# Eclipse - 2 unabhängige Consolen



## Jahava (21. Aug 2012)

Hallo,

habe für folgendes Problem leider keine Lösung gefunden:

Ich habe in Eclipse 2 Applications programmiert, unswar ein client und ein server.
Ich arbeite mit der Konsole also kein GUI.

Nun mein Problem:
ich möchte beide Projekte (also client und server) auf jeweils seperaten consolen starten.
Wenn ich momentan z.B. den Server starte und im Anschluss den Client dann "übermalt" er die Server Ausgaben. Sprich ich kann dann nur am Client eingaben und ausgaben sehen/machen.

Kann ich 2 Console Views seperat und parallel für mehr als ein Projekt starten ?

Hab schon die möglichkeit gefunden 2 consolen zu öffnen (über "open console" --> "new Konsole view")
jedoch zeigen beide die gleichen Inhalte an, sprich es wird qausi gespiegelt. 

Vielen Dank schonmal im voraus und MFG


----------



## SlaterB (21. Aug 2012)

Open Console

im Bild, direkt links vom Menü für 'open console' ist ein Punkt, im Bild ausgegraut, der für 'display selected console' steht
bzw. 'select displayed console' wäre vielleicht treffender, kannst du damit wechseln?

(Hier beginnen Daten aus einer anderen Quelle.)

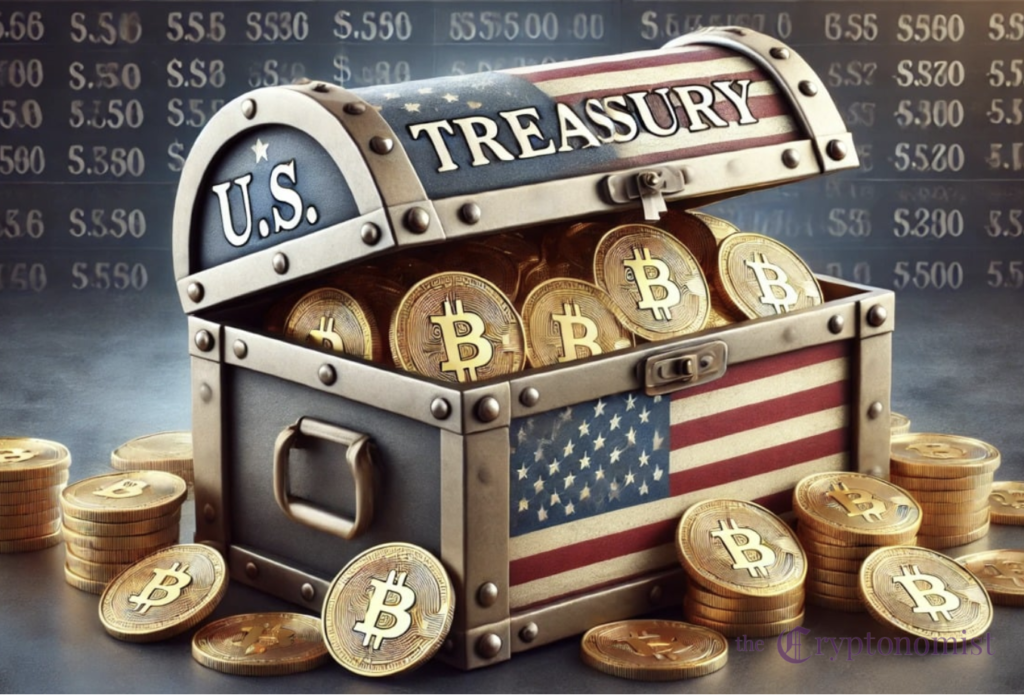 Trumps satsning på att bygga bitcoin reserv: så fungerar det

je nach Eclipse-Version gibt es noch Einstellungen ob die Anzeige automatisch auf andere Konsolen springen darf wenn dort Text erscheint usw.


----------



## Jahava (21. Aug 2012)

kuhl, es geht, dankee.
immer wieder schön zu sehen wie einfach es eigentlich ist wenn man weiss wie es geht 

Danke nochmla und MFG


----------